説明

薄膜製造装置

【課題】機械的な設計の観点及び電気的な設計の観点の両方を満足し、可撓性基板を連続的に搬送しつつ、電極の近傍にて可撓性基板とコンパクトチャンバとの間の電気的な接続を確保することが可能な薄膜製造装置を提供することにある。
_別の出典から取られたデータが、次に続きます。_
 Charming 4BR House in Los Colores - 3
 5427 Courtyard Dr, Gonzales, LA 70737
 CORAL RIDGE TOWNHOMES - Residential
【解決手段】本発明は、アノード電極4とカソード電極3との間にフィルム状の可撓性基板1を搬送させながら成膜室10内でプラズマCVD法により可撓性基板1上に薄膜を成膜する薄膜製造装置において、可撓性基板1の一方の側に臨んで、成膜室10の半分を内部に区画形成するカソード電極側シールドボックス5と、可撓性基板1の他方の側に臨んで、成膜室10の半分を内部に区画形成するアノード電極側シールドボックス6と、カソード電極側シールドボックス5に可撓性基板1を押し付けて接触させる押圧部材20,21,22とを備えている。

【発明の詳細な説明】
【技術分野】
【0001】
本発明は、高周波電力を供給して成膜室内でプラズマを発生させることにより、搬送するフィルム状の可撓性基板上に薄膜を成膜する薄膜製造装置に関する。
【背景技術】
【0002】
薄膜太陽電池は、薄型で軽量、製造コストの安さ、大面積化が容易であることなどから、今後の太陽電池の主流となると考えられており、かかる薄膜太陽電池の薄膜を成膜する手段の一つとして、容量結合型プラズマCVD方式の薄膜製造装置がある。
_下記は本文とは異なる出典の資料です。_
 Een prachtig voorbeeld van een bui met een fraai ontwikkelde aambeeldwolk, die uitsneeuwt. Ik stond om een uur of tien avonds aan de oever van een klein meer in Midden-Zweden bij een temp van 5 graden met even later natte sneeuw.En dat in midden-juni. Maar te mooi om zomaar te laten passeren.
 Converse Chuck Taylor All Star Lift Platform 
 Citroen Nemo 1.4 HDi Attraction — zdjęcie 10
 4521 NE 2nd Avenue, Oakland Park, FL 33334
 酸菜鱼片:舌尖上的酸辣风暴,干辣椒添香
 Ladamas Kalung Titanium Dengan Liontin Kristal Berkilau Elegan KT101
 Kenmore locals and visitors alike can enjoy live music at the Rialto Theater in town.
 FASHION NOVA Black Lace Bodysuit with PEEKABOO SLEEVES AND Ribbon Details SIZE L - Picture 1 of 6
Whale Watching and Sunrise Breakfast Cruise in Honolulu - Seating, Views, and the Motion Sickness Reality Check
このような薄膜製造装置においては、巻出しロールと巻取りロールとの間に設置された成膜室(プラズマCVD室)内に可撓性基板を搬送し、当該成膜室内で高周波電力の印加により作用する電界効果にて電極間にプラズマを生成し、原材料となる物質を分解、励起することにより周辺雰囲気下で存在する可撓性基板上に、プラズマCVD法によってアモルファスシリコン膜などの半導体薄膜を成膜している。
【0003】
最近は、製造コスト低減などの要請から、成膜する可撓性基板の幅が約1mの幅広基板を連続的に搬送させながら成膜するロール・ツー・ロール方式の装置が連続成膜装置化される傾向にある。
この連続成膜装置の構成法として、例えば、これまで適用されてきたステップ成膜装置(例えば、特許文献1など)を基本構造とし、アースシールドの搬送方向側に、フィルム状の可撓性基板の移動を妨げないように開口を設け、可撓性基板の連続搬送を可能にする手法が考えられる。
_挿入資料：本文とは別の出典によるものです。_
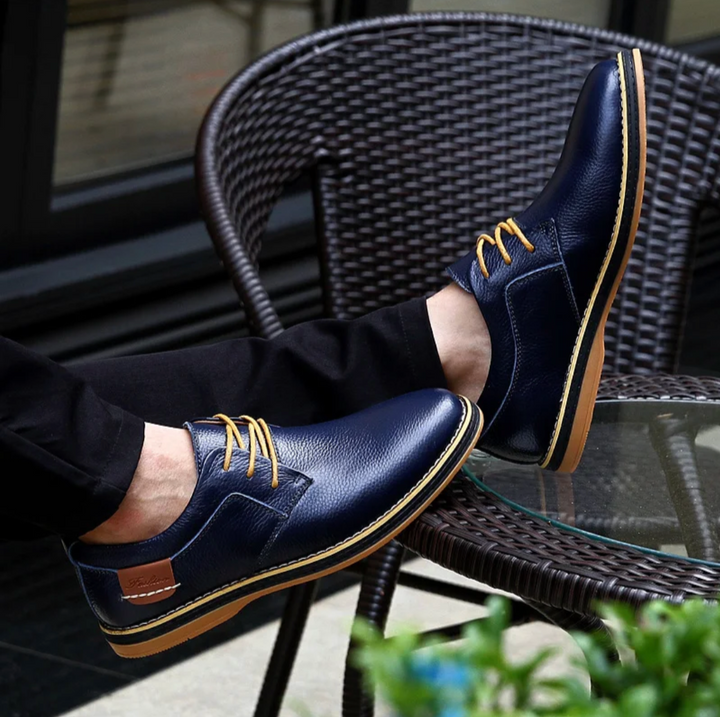 Klassieke bruine glanzende veterschoenen voor heren, comfortabel en elegant voor elke gelegenheid.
かかる手法によれば、現有の設計資産を活用しつつ最低限の改造によって装置を構成することが可能となるため、短期間で装置、製品を市場に投入することができ、開発コストの極小化が図れるというメリットがある。
【0004】
上記特許文献1には、2列の可撓性基板の間に絶縁体を介して結合された2つの高電圧電極を配置し、それぞれに基板を挟んで接地電極を対向させ、高電圧電極と基板との間に形成されるコンパクトな成膜室において、成膜のための印加電圧の制御が別個に行うことができるようにした製造装置が開示されている。
すなわち、特許文献1の製造装置は、コンパクトチャンバ方式を採用し、高周波電力を印加してプラズマを発生させるものであり、成膜時に発生する迷走電流による装置への悪影響を極小化している。
【先行技術文献】
【特許文献】
【0005】
【特許文献1】特開平8−293491号公報
【発明の概要】
【発明が解決しようとする課題】
【0006】
このような特許文献1の製造装置においては、
(1)先ず、高周波電力を印加するカソード電極(高周波電極、RF電極)、ならびにヒータを内蔵した接地電位を与えるアノード電極(接地電極)の両方を取り囲むようにコンパクトチャンバが設置され、かつ該コンパクトチャンバは電気的にはアースシールドの効果を奏し、整合回路出口から反応容器方向を見たインピーダンスが小さくなり、電力を投入しやすい。
(2)また、アースシールドを兼ねるコンパクトチャンバは、可撓性基板を4辺で挟み、その接触面で可撓性基板とコンパクトチャンバとが電気的に接続されるため、成膜時に可撓性基板を流れる迷走電流はコンパクトチャンバに吸収され、給電構造の接地部ならびに本体を通過して整合回路の接地側に戻ることができ、迷走電流による装置への悪影響(たとえば、複数の電極間で電力のやり取りを行う)などは、問題にならない。
という、利点があった。
【0007】
しかしながら、成膜する薄膜が太陽電池であって、可撓性基板には当該太陽電池が発生する電力を取り出すための電極部となる構造が予め設けられている場合、この電極部が導電性を有するため、高周波電圧を印加する電極に対向配置され、加熱ヒータを内蔵した接地電位を与える電極側へ変位電流として抜ける電流のみならず、可撓性基板の表面も伝導電流として迷走し、意図しない場所での不要な放電や、予期せぬ箇所での漏電により装置が停止したりして、装置の安定した運転が難しくなるという問題があった。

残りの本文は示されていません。